Accordingly, with the blockchain, we are able to store our data in digital form.
Explain this in more detail. Explain how, using the blockchain, I store the fact that I own a car, house, etc.
I want to sell you some concert tickets. Explain how the blockchain secures this transaction.
Majority of that user's statements are fluff that doesn't actually explain how the
system works. Most statements are obfuscating or are plainly saying nothing.
To answer since I assume BTCWoker will never actually answer your question directly,
it can not secure your transaction example. That is impossible and like saying "When I
exchange my car for concert tickets on Craigslist, how does Craigslist secure that?". The
answer is that it does not. A blockchain used for documents or property is not secure like
the Bitcoin network and any belief or assurity of security comes from guarantees of a third
party.
In the most simple terms, the only reasons why bitcoin tokens are secured through the
blockchain is because they are actually the same entity. For a blockchain to secure
documents or property in the same manner, that document or property needs to be
represented as a ledger correspondent that is not a monetized token. Since the answer
for a new ledger correspondent has not been envisioned or created yet, blockchains can
not be used for anything other than currencies (, in a novel purposeful manner).

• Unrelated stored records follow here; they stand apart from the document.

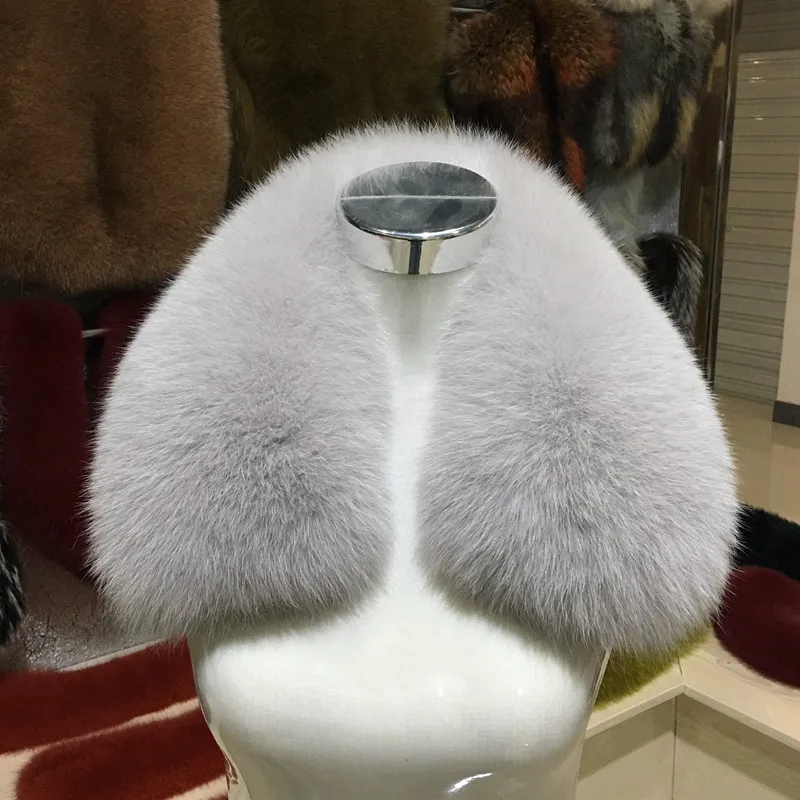 

2024 JKP new fox fur collar whole fur lady widened to increase fox fur square collar fashion Natural fox fur Ring scarves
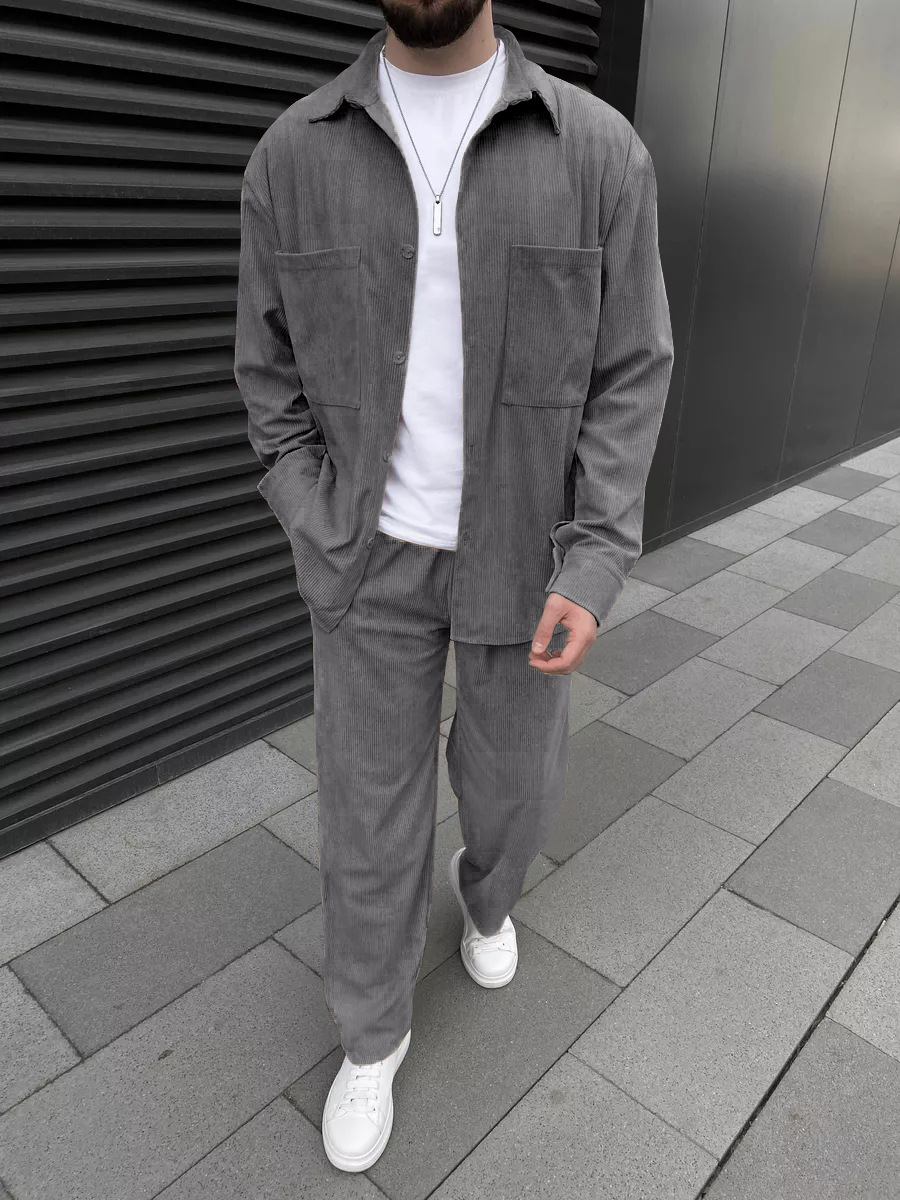 Men's corduroy two-piece outfi - Street Fashion For Man avis et prix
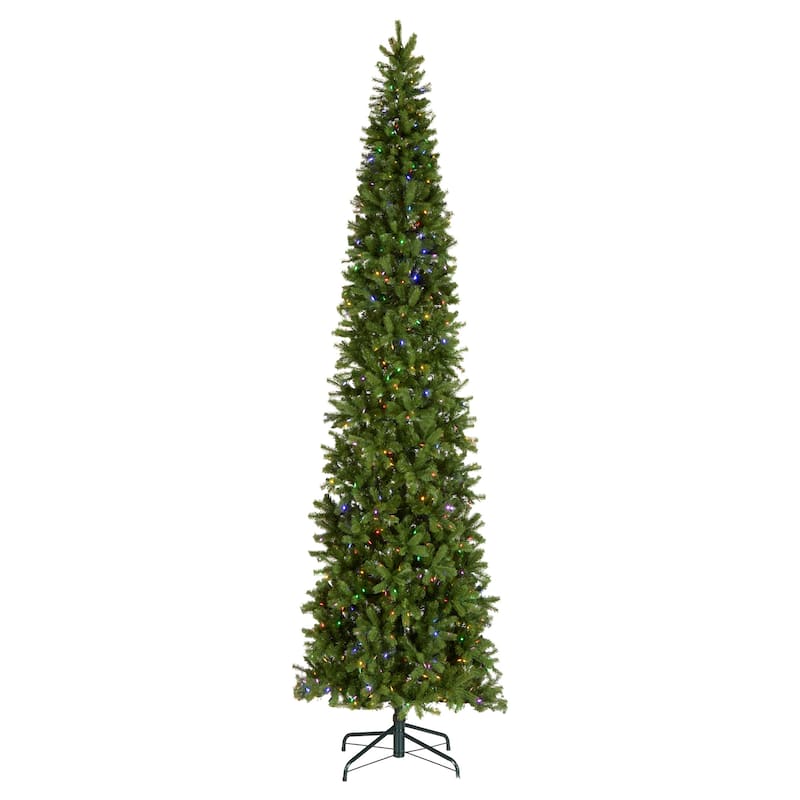 National Tree Company 12 ft Pre-Lit Downswept Douglas Fir Slim Artificial Christmas Tree, 850 LED Lights, Includes Stand, Green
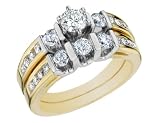 Three Stone Diamond Engagement Ring & Wedding Band Set 1 Carat in 14K Yellow Gold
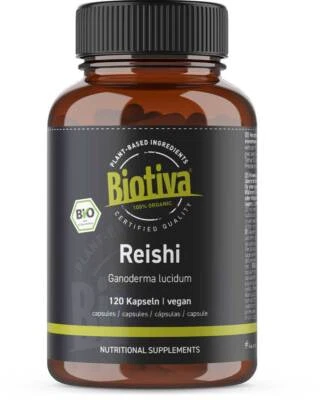 Reishi Bio (120 Kapseln) Vitalpilz Biotiva (222,08 EUR/kg) - Bild 1 von 4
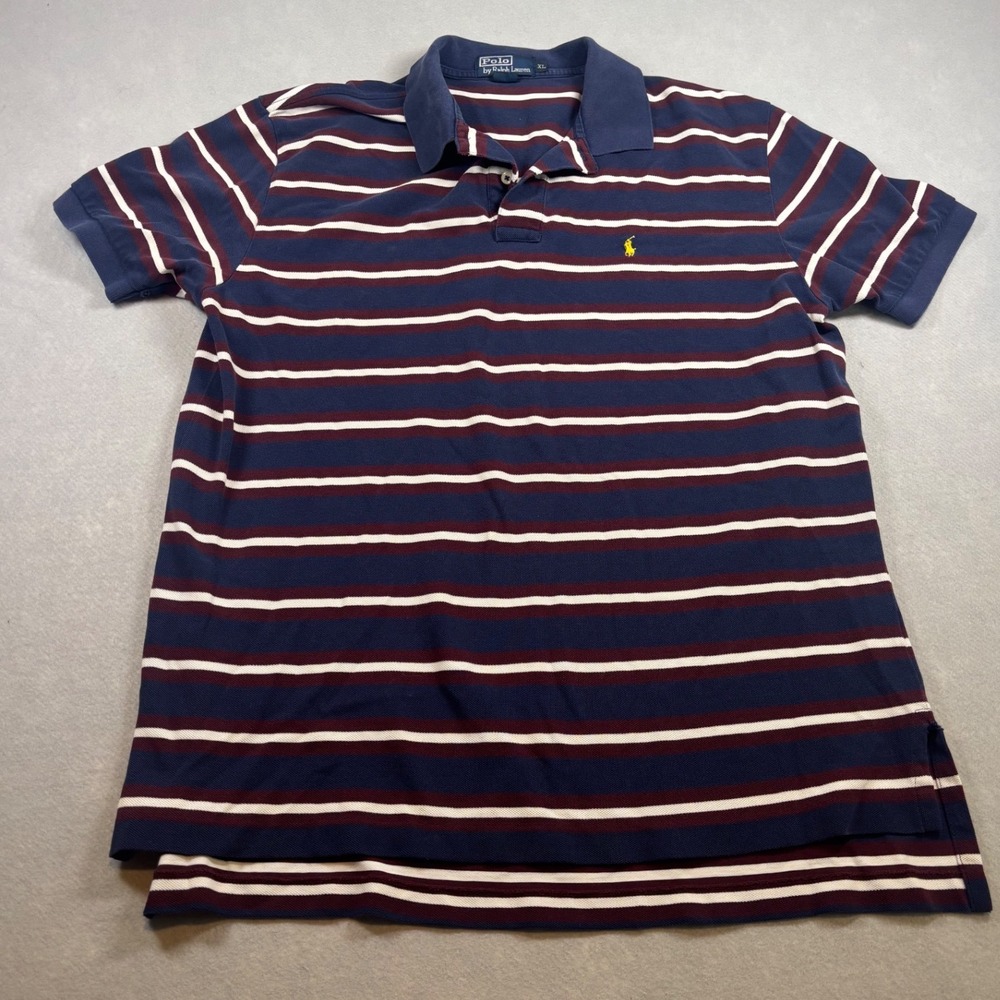 Polo Ralph Lauren Mens XL Striped Short Sleeve Polo Shirt Navy Burgundy Yellow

Of course, you can use a "blockchain" for anything, but that doesn't mean it will work the
same way or with equal security as the Bitcoin blockchain. All improperly used blockchains
relies third party intervention. The blockchain was originally designed to circumvent this.
The "blockchain" only works because it is 1 part of a 3 part system. Without the other two
systems, the blockchain serves no higher purpose. The blockchain is more than a ledger.